I think of two lonely people finding company in each other. I think of a profoundly insecure just-turned-20-year-old who felt validated by her professor in a way no one had ever validated her before, and so didn’t object to the increasingly inappropriate closeness in the moment.

The academic year after that summer was a difficult one for me. As you know, my mental health has been deteriorating for years. But the difficulty wasn’t only from within. I felt like an utter fraud taking part in a research group I’d gotten into on the basis of a glowing letter of recommendation you’d written me that I did not earn and (as I thought then) could not live up to. I felt the same way in my seminar taught by your colleague, with whom I was in good standing before I even set foot in her classroom because you put in an over-inflated good word for me some months before. This is how academia works, of course, but when the student’s sense of her own merit is bound up with the impression that her professor finds her attractive, it is epistemically disempowering indeed.

It has taken me a long time to achieve the clarity of mind required to understand that the closeness we shared was inappropriate, full stop.

Maybe you never found me attractive.
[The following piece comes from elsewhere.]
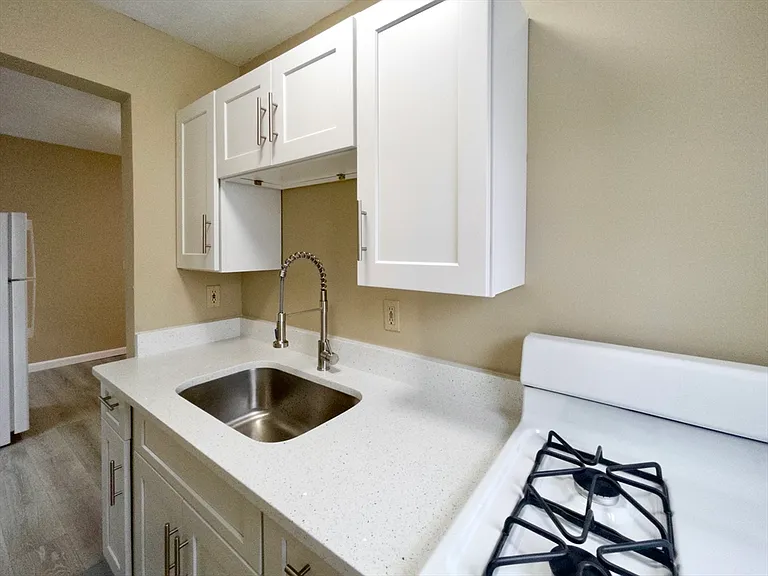 25 Oakland Ave #2R — Photo 2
But, to my mind, all signs point to you having considered me valuable beyond the usual ways in which a professor values any bright student, and not only because I am especially bright. You knew that you were the first person (in a position of authority, moreover) to tell me I was good at academic work. You knew that you had deliberately sought me out in your class as someone who was good enough at this work to do it with you. So you ought to have known to take special care not to confuse in my mind what it was about me that you were validating.

It has taken me a long time to achieve the clarity of mind required to understand that the closeness we shared was inappropriate, full stop. What I’m still unclear on is why you, someone who has a robust academic background in feminism and who is professionally meticulous in every other respect, let this happen. That the subject matter of our work was sensitive is not sufficient to justify the extent to which we grew close, though you rationalized as much at the time. And I know you know this, too, because at the end of the summer you indicated that you didn’t want your higher-ups knowing we’d exchanged a total of 700 emails over three or four months, and turned thereafter to infantilizing me (“kiddo,” “munchkin”), which was jarring and further disorienting. So, when I say I waver, it’s between thinking what happened was a product of mutual loneliness, and thinking you knew exactly what you were doing. These things are probably not to be disentangled.
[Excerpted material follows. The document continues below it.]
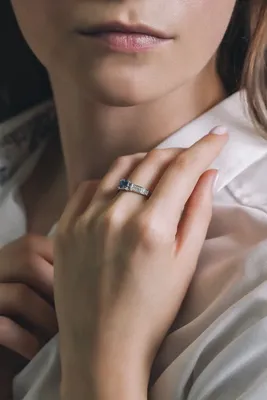 Как правильно носить обручальные и помолвочные кольца: можно ли носить на одном  пальце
Either way, you hurt me. I have spoken to some people about my experience, as I think is my right to do as a student who was hurt by her professor. I was concerned, to be honest, because you’ve betrayed that you’re only interested in supervising other (“badass”) women, which could be coming from a place of affirmative action or somewhere more sinister, I can’t be sure.

I’m not out to ruin your career. Rather, I mean to encourage you to take better care in the future. And I implore you to remember that just because you’re hurting, too, doesn’t mean you’re incapable of hurting others, particularly those under your academic care.